Ergodic Hidden Markov Models for Visual-Only Isolated Digit Recognition
|Title||Ergodic Hidden Markov Models for Visual-Only Isolated Digit Recognition|
|Year of Publication||2007|
|Authors||Terry, L. H.|
|Academic Department||Department of Electrical Engineering and Computer Science|
|Number of Pages||90|
Accurate, robust, automatic speech recognition (ASR) systems represent the cornerstone of advanced human-computer interaction. An inherent asymmetry exists in current human-computer interfaces (HCIs); the human communicates through physical interaction via a keyboard and/or mouse while the computer communicates through visual and auditory channels. This asymmetry prevents human-computer interaction in the familiar, natural style of human-human interaction. With systems able to mimic human-human interaction, technology becomes more natural, free-flowing, and seamlessly integrated into modern life. This broad-reaching goal serves as motivation for this work.

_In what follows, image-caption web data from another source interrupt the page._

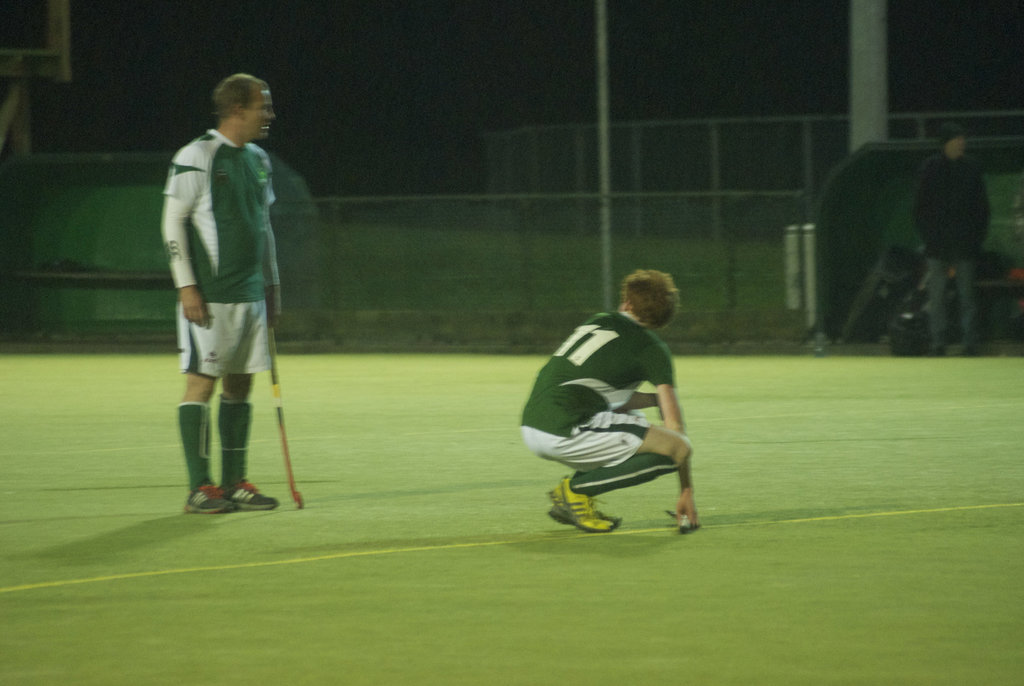 Fingal 2nd's vs Avoca, Railway Cup 051113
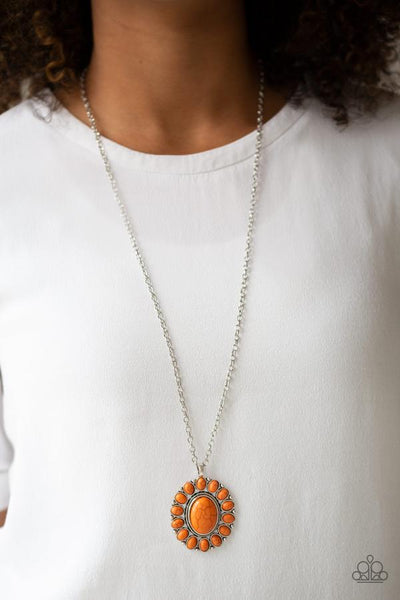 Paparazzi Rancho Roamer - Necklace Orange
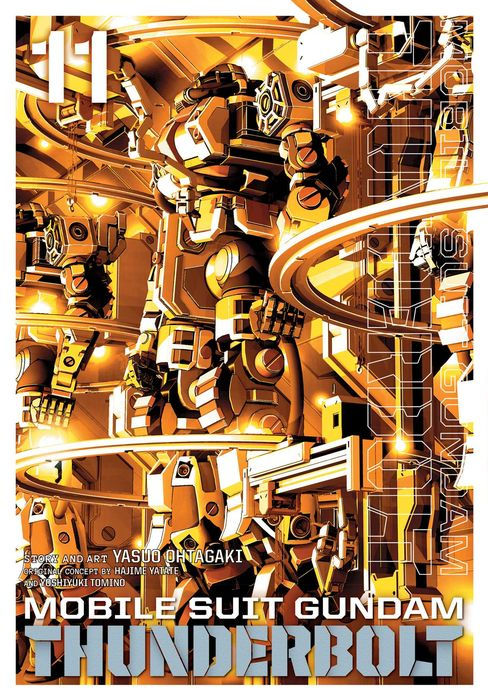 Mobile Suit Gundam Thunderbolt Vol. 11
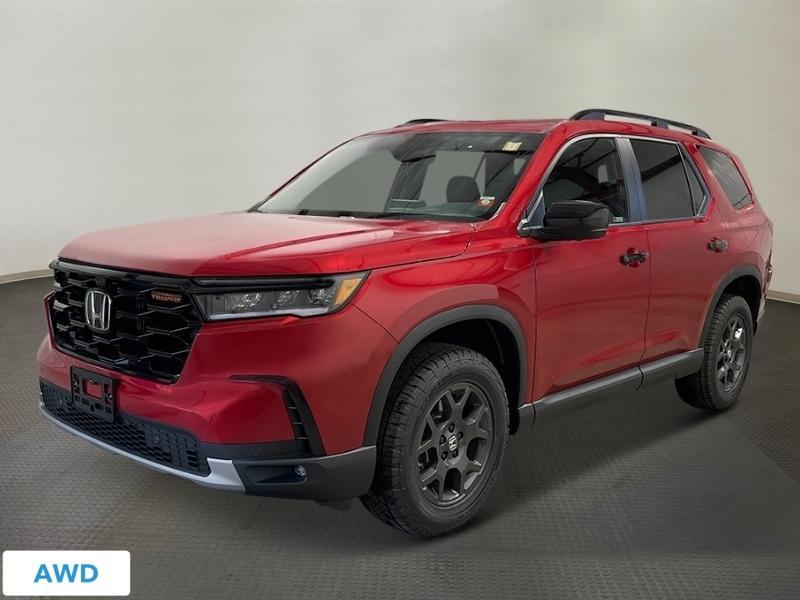 new 2025 Honda Pilot car, priced at $50,795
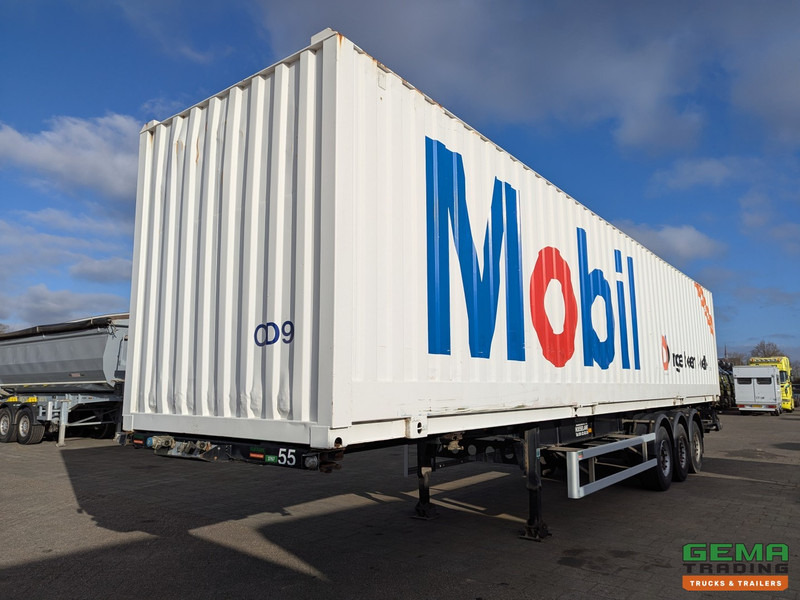 DESOT OPL 3AT 38 9988R 3-Assen SAF - Schijfremmen - 40FT Container - Confectiewanden - Xe chở container/ Sơ mi rơ moóc hoán đổi thân: hình 1 DESOT OPL 3AT 38 9988R 3-Assen SAF - Schijfremmen - 40FT Container - Confectiewanden - Xe chở container/ Sơ mi rơ moóc hoán đổi thân: hình 1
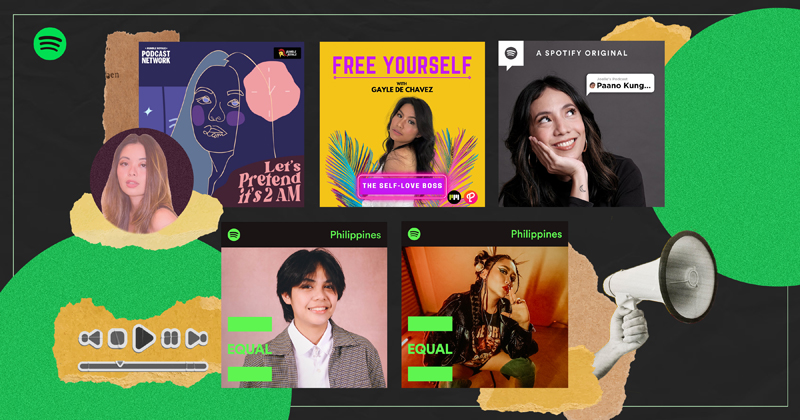 At Full Volume: Support the voices and experiences of Spotify’s Filipina Creators all year long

Upon examination of modern speech recognition systems, one finds that no system actually models the speech production phenomenon. These state of the art systems instead model the symbols produced by speech in the form of words or sub-word units. With this realization in mind, this work proposes a system architecture which directly models the speech production phenomenon. As a direct consequence, this approach separates articulation modeling and articulation interpretation.
This work formulates this framework, dubbed the "Articulation Model" framework, and then compares it against the state of the art speech recognizer using only video cues to recognize isolated digits.